Task objective:
You are asked to copy the entire listing exactly, apart from its pictures.

Provided material:
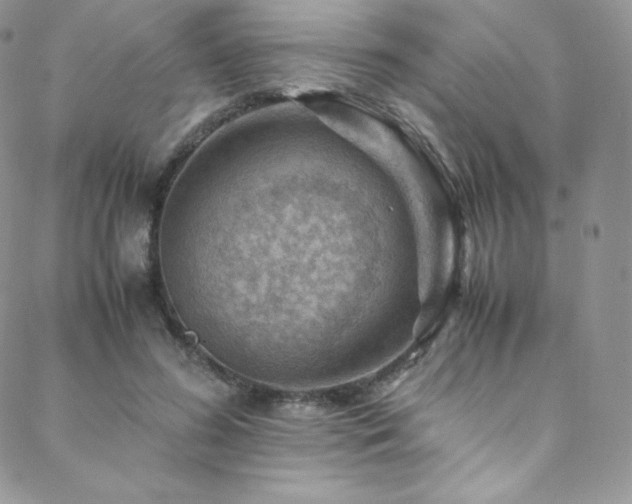 X0000088600596200705251216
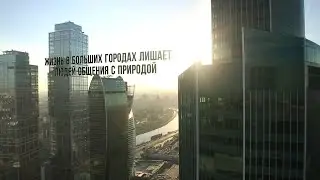 Accountant Ad (copy)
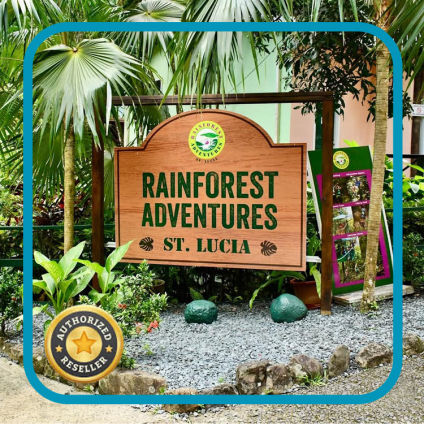 Rainforest Adventures Saint Lucia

Result below:
 X0000088600596200705251216
 Accountant Ad (copy)
 Rainforest Adventures Saint Lucia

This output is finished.